Reklama

Irena Laskowska: Gwiazda jednej roli? Reżyserzy nie mieli na nią pomysłu

W pamięci kinomanów pozostanie na zawsze bohaterką reżyserskiego debiutu Tadeusza Konwickiego "Ostatni dzień lata". Mimo wielu ról na koncie, to właśnie ten występ uznawany jest za najważniejszy moment w jej karierze. Zawodowe losy Ireny Laskowskiej nie potoczyły się tak, jak to sobie wymarzyła.

Irena Laskowska: Aktorka jednej roli?


Mimo że Irena Laskowska pojawiała się w popularnych filmach i serialach takich, jak "Salto", "Krzyżacy", "Wszystko na sprzedaż", "Czterdziestolatek", "07 zgłoś się" czy "Polskie drogi", do historii polskiego kina przeszła dzięki tylko jednej roli - kreacji w reżyserskim debiucie Tadeusza Konwickiego z 1958 roku "Ostatni dzień lata".
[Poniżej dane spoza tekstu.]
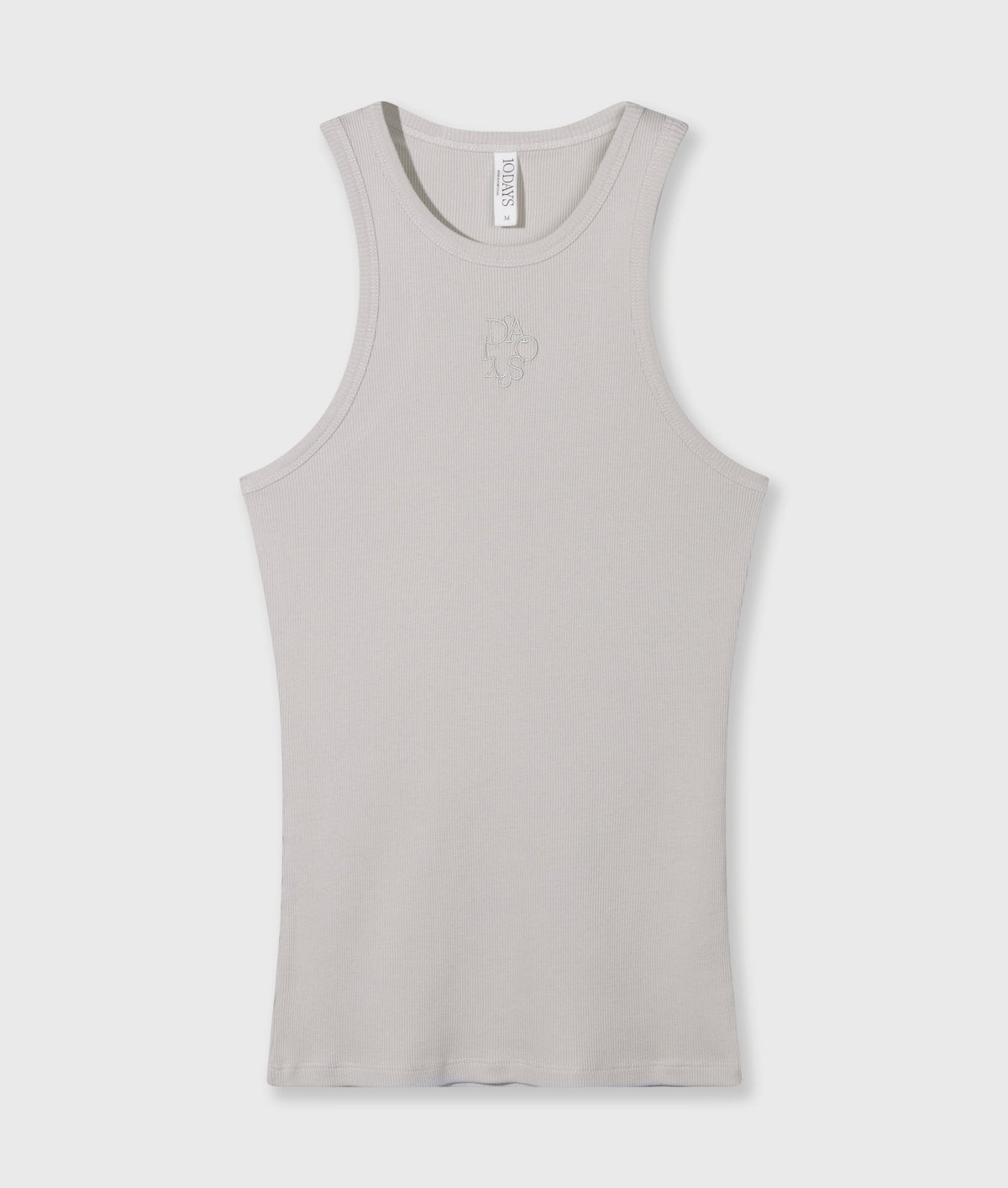 tank top rib | stone – detalle del producto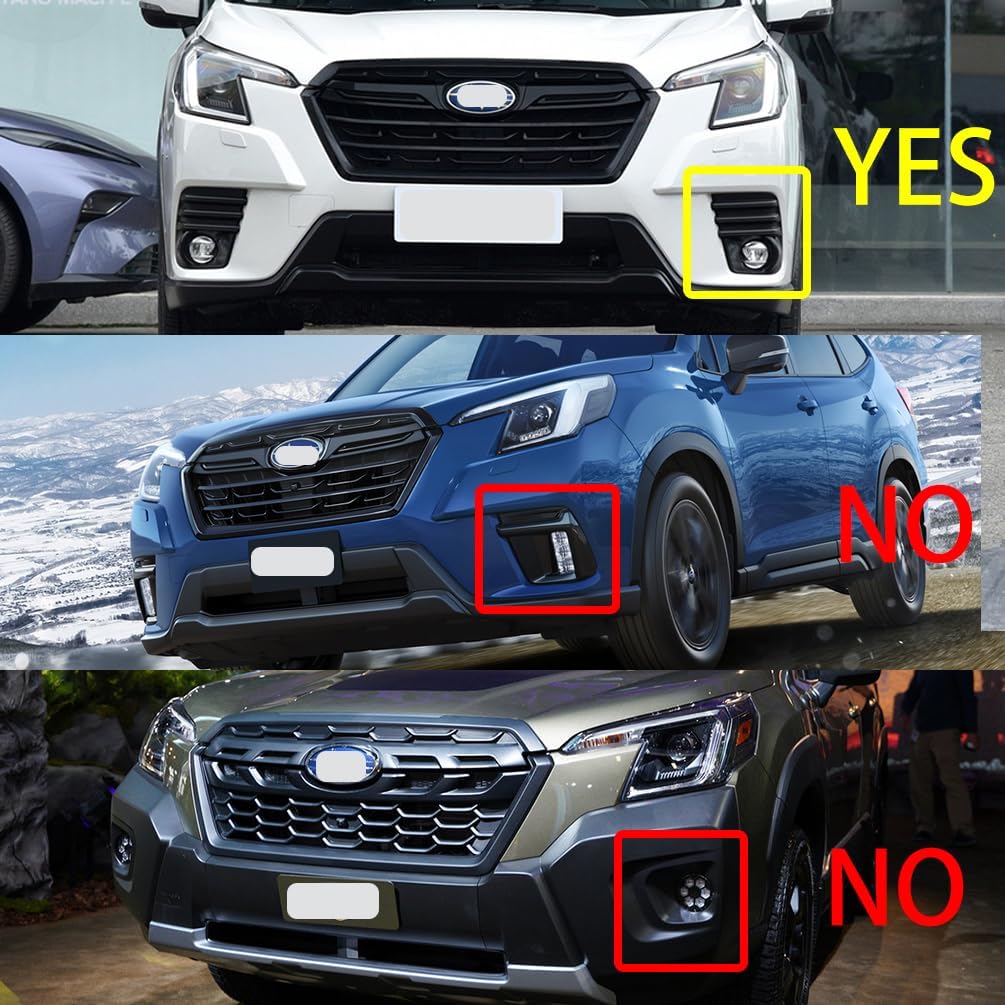 LED Front Bumper DRL Fog Light With Sequential Turn Signal Light Fit For 2022-2024 Subaru Forester Accessories Daytime Running Driving Headlight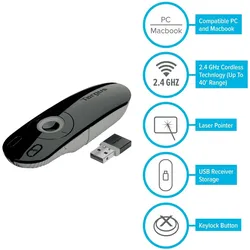 Targus Laptop Laser Presentation Remote Black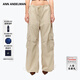 ANN ANDELMAN【明星同款】官方直營(yíng)卡其色闊腿工裝休閑褲女束腳寬松低腰傘兵褲 卡其色 XS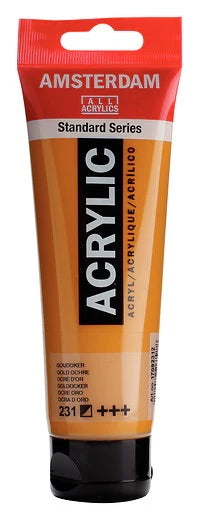 Amsterdam-akryylimaali Standard 231 Gold Ochre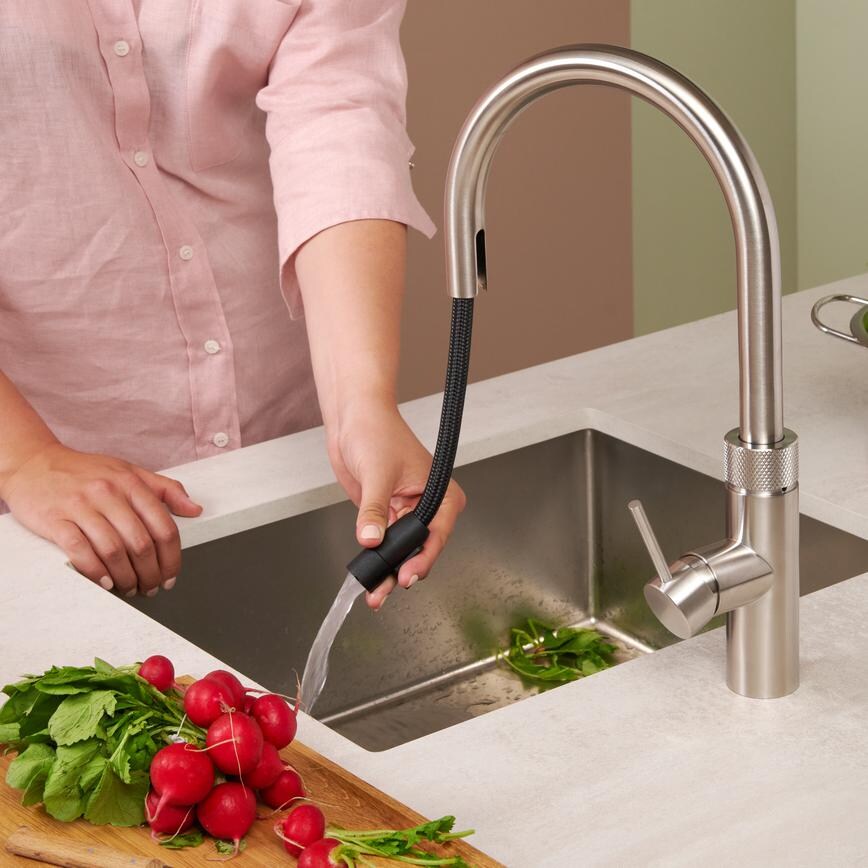 Quooker Flex Stainless Steel Tap Pull Out Hose Extended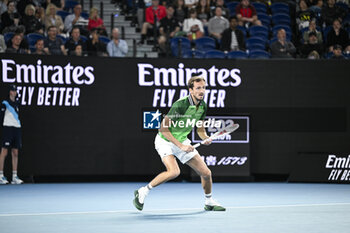 2024-01-18 - Daniil Medvedev during the Australian Open AO 2024 Grand Slam tennis tournament on January 18, 2024 at Melbourne Park in Australia. Photo Victor Joly / DPPI - TENNIS - AUSTRALIAN OPEN 2024 - WEEK 1 - INTERNATIONALS - TENNIS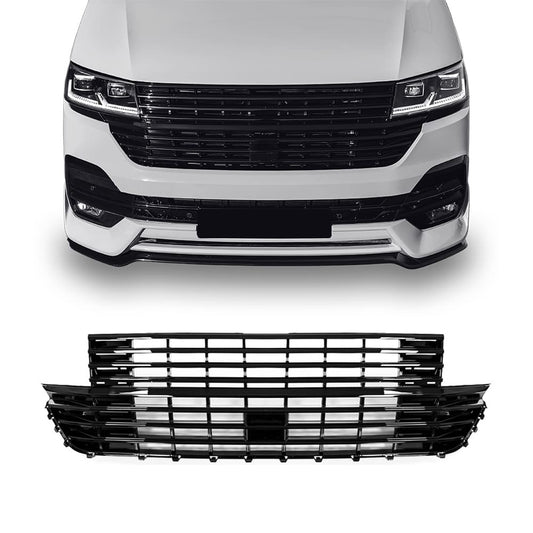 Front badgeless Grille for VW T6.1 (19-), glossy black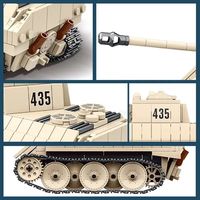 QUANGUAN 100101 VK 1602 leopar tankı askeri modeli blok yapı oyuncaklar ordu tankı yapı çocuklar için hediye setleri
"Irena była uderzająco piękna (...). Ale w czasach stalinowskich ze swoimi warunkami mogła najwyżej występować w byle jakich sztukach" - wspominał ją Konwicki na kartach książki "Pamiętam, że było gorąco". "Byłam dziewczyną urodziwą, utalentowaną i śmiałą" - mówiła o sobie aktorka po latach.

Reklama

Urodziła się 15 marca 1925 roku w Piotrowicach, w okolicach Wilna. W 1945 roku, czyli dwa lata przed ukończeniem studiów na Wydziale Aktorskim warszawskiej PWST (ówcześnie z siedzibą w Łodzi), zadebiutowała na deskach teatralnych.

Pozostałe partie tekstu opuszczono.